In a room he had a table with a glass of water on it and a chair.
He brought the physicist in first and asked him to move the glass of water from the table to the chair and explain why he did what he did.
The physicist moved the glass of water from the table to the chair along a relatively straight line and said, "I have learned that the shortest distance between two points is a straight line." ((( as an aside, that statement may NOT be true in the Universe in which we live, if Space is in fact curved))).
The physicist then left, the glass was replaced on the table and the mathematician was invited in and give the same problem.
He moved the water from the table to the chair along a relatively straight line and said, "I learned in Math that the shortest distance between two points is a straight line."
He left the room and the physicist came back in, with the glass still on the chair.
The philosopher then asked him to move the water from the chair to the floor. The physicist picked it up and lowered it to the floor in a relatively straight linear motion and said the same thing he had said before.
He left, the glass was returned to the chair and the mathematician brought back in and given the same challenge, with the same results.
He left, the glass was put back on the table and the physicist came back in.
He was told to now take the water from the table to the floor and explain.
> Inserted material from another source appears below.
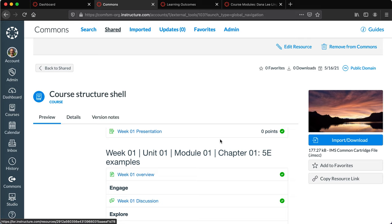So lots of capabilities that are present in Canvas that just weren't available to us in Schoology, and a lot of opportunity to provide support to faculty as well as to the students with things like a starting course shell for a faculty member to work from.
He picked it up, moved it directly from the table to the floor along a relatively straight line and quoted the same reason.
He left, the glass was replaced on the table and the mathematician was brought back in and given the same challenge.
He said, "That is easy, I already know how to get the glass from the table to the chair and from the chair to the floor". So he picked up the glass, moved it first to the chair and then from there to the floor.
Now, what is the difference?
The physicist works with "models", he used his Math "skills" to make a model for finding a scientific process for moving the glass between any two different points in space and then using that method to solve the last problem.
Whereas, the mathematician took the bigger problem and broke it down into two smaller problems, each of which he already knew how to solve, and used that knowledge to solve the original problem.
Pure mathematicians aren't studying "physical reality" they are studying the various relationships between their mathematical constructs in their "mathematical reality".
If those relationships have anything in common with physical reality, then THAT is for physicists to be concerned with. Pure mathematicians could care less. Physicists take Math classes, so they can learn enough Math to use it in forming their models. Most pure mathematicians don't concern themselves with Physics and physical "reality", they study Math for Math's sake.
When I studied Mathematics, the fact that it was a "reality" unto itself. One that does not change over time, was one of the things that caused it to be attractive to me. (Unlike Science, where "reality" is so uncertain and "scientific explanations are constantly changing.)
In Mathematics, things it deals with are true because its relationships have been "proven" to be logically consistent. (Again, I remind you that Mathematics has a "reality" unto itself and though some of its principals and relationships may be used by other people to try to model the external world, whether or not those attempts to use it for such purposes yields any useful results, that, to a pure mathematician, is totally unimportant.)
In Spherical Geometry, Pi has "exactly" the same mathematical value it has in Euclidean flat plane Geometry. the same mathematical "rules" apply and the same Calculus calculations define it in either system.
Just because something is written in a book, no matter how logical it may "sound", doesn't necessarily make it "a true fact".
Let a = b
now multiply both sides by a
Then a^2 = ab
now subtract b^2 from both sides
Then a^2 - b^2 = ab - b^2
now factor both sides
(a + b) (a - b) = b(a-b)
now divide both sides by (a-b)
Then(a + b) = b
but b = a
Then 2a = a
now divide both sides by a
Then 2 = 1
See what happens when you violate some of the rules in Math?